━━━━━ Dataset extract ━━━━━

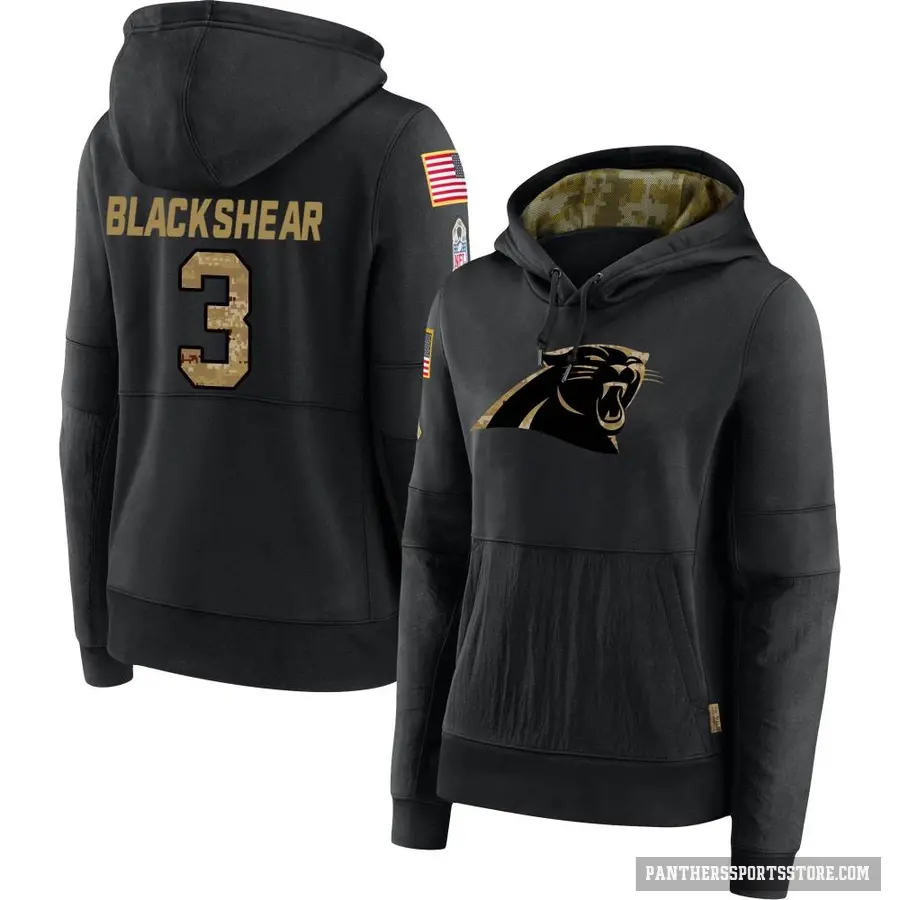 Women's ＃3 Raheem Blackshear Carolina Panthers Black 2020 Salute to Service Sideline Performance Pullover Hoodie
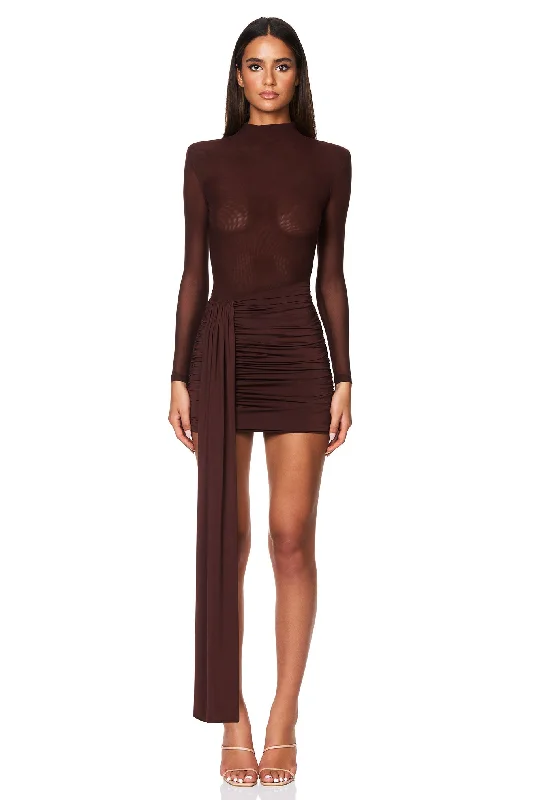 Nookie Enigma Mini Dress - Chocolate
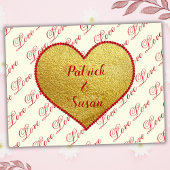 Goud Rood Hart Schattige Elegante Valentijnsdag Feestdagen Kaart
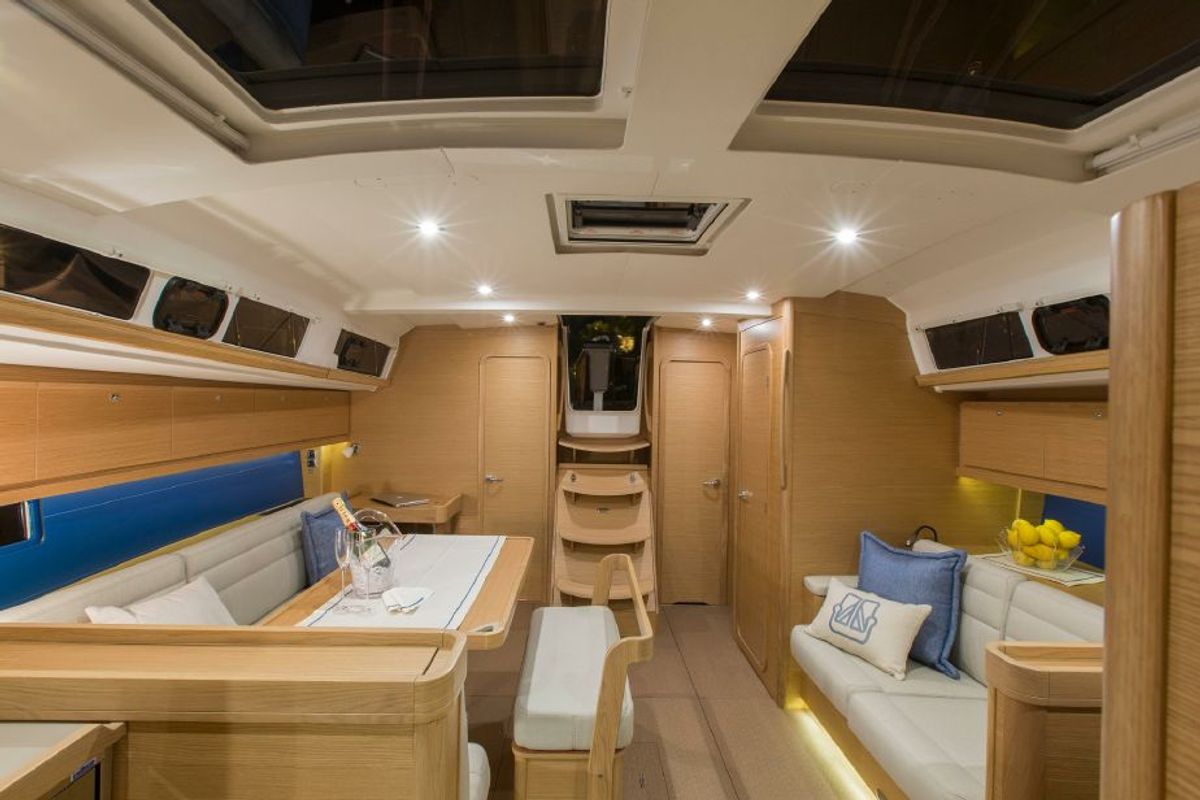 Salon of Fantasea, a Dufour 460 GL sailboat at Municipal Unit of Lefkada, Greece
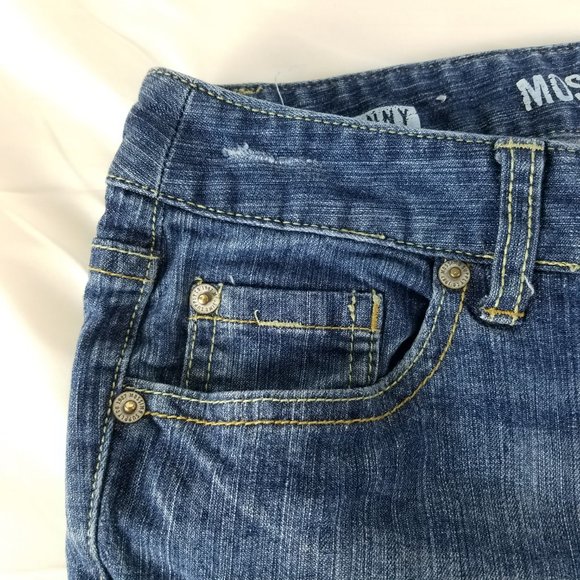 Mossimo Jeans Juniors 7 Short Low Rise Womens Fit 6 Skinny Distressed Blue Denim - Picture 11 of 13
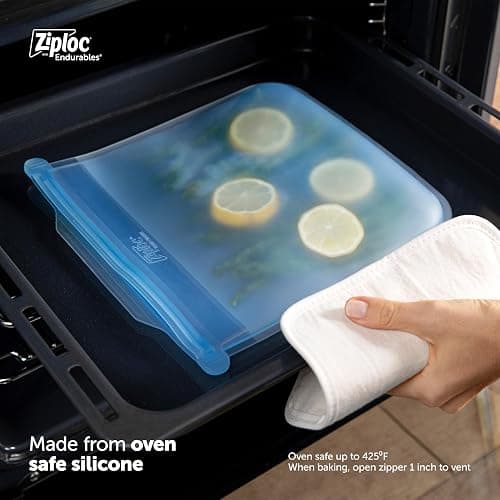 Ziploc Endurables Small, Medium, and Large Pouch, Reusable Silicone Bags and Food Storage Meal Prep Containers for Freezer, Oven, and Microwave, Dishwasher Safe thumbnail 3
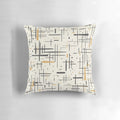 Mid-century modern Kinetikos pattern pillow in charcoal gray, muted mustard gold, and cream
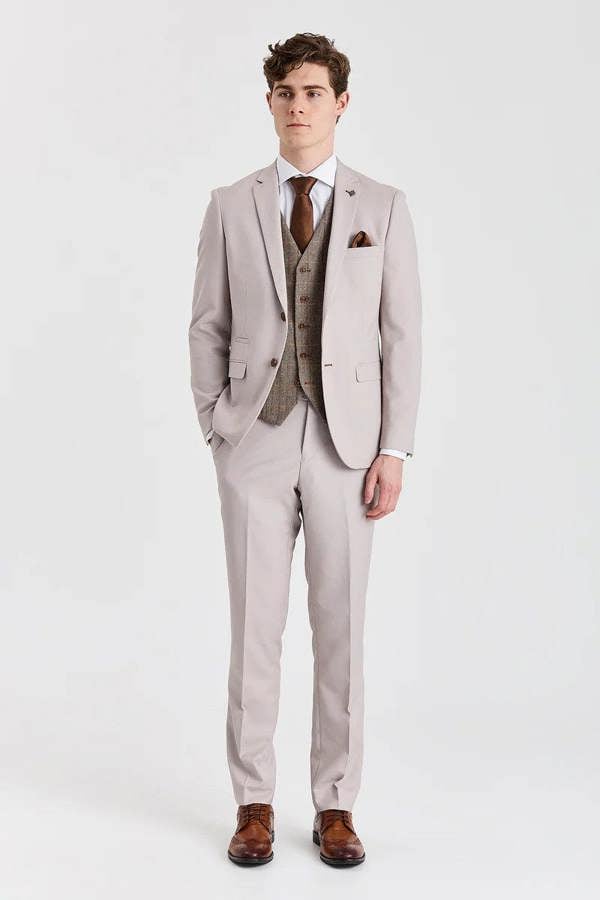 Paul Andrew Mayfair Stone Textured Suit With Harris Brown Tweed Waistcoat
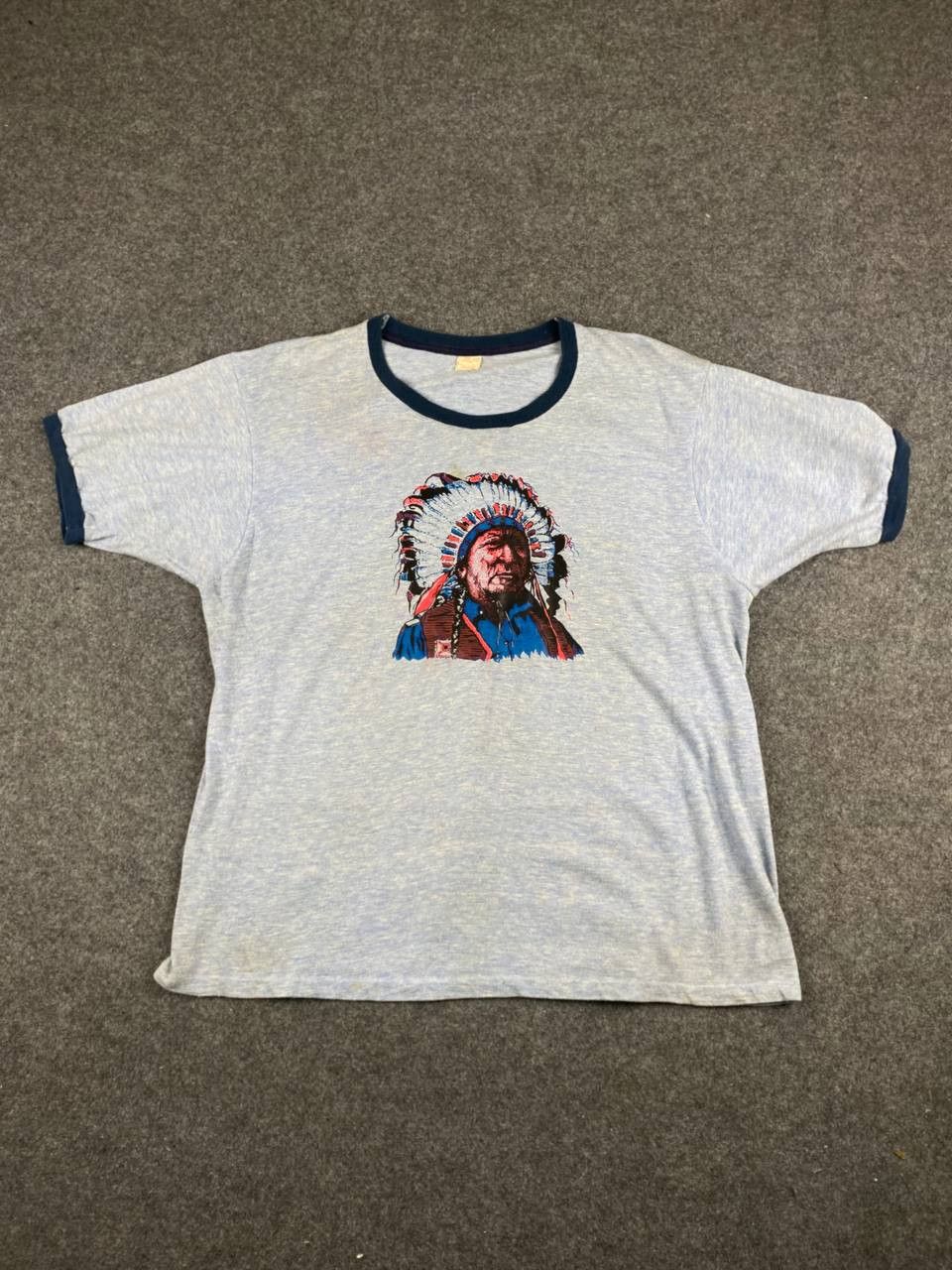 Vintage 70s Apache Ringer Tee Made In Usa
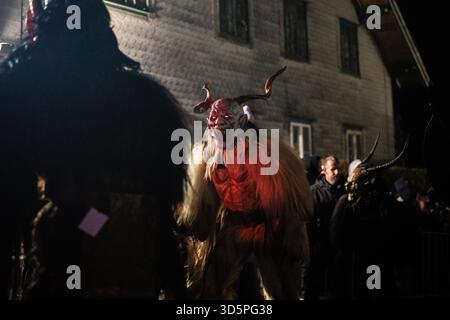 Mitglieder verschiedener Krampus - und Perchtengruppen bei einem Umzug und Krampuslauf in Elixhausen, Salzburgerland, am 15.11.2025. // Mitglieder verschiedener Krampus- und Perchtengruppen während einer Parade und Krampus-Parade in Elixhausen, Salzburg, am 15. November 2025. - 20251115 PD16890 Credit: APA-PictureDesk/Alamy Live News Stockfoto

━━━━━

#### Task description:
The line containing "Goud Rood Hart" and every line after it, up to the last line of the data, should be returned exactly, without the pictures.

#### Written answer:
 Goud Rood Hart Schattige Elegante Valentijnsdag Feestdagen Kaart
 Salon of Fantasea, a Dufour 460 GL sailboat at Municipal Unit of Lefkada, Greece
 Mossimo Jeans Juniors 7 Short Low Rise Womens Fit 6 Skinny Distressed Blue Denim - Picture 11 of 13
 Ziploc Endurables Small, Medium, and Large Pouch, Reusable Silicone Bags and Food Storage Meal Prep Containers for Freezer, Oven, and Microwave, Dishwasher Safe thumbnail 3
 Mid-century modern Kinetikos pattern pillow in charcoal gray, muted mustard gold, and cream
 Paul Andrew Mayfair Stone Textured Suit With Harris Brown Tweed Waistcoat
 Vintage 70s Apache Ringer Tee Made In Usa
 Mitglieder verschiedener Krampus - und Perchtengruppen bei einem Umzug und Krampuslauf in Elixhausen, Salzburgerland, am 15.11.2025. // Mitglieder verschiedener Krampus- und Perchtengruppen während einer Parade und Krampus-Parade in Elixhausen, Salzburg, am 15. November 2025. - 20251115 PD16890 Credit: APA-PictureDesk/Alamy Live News Stockfoto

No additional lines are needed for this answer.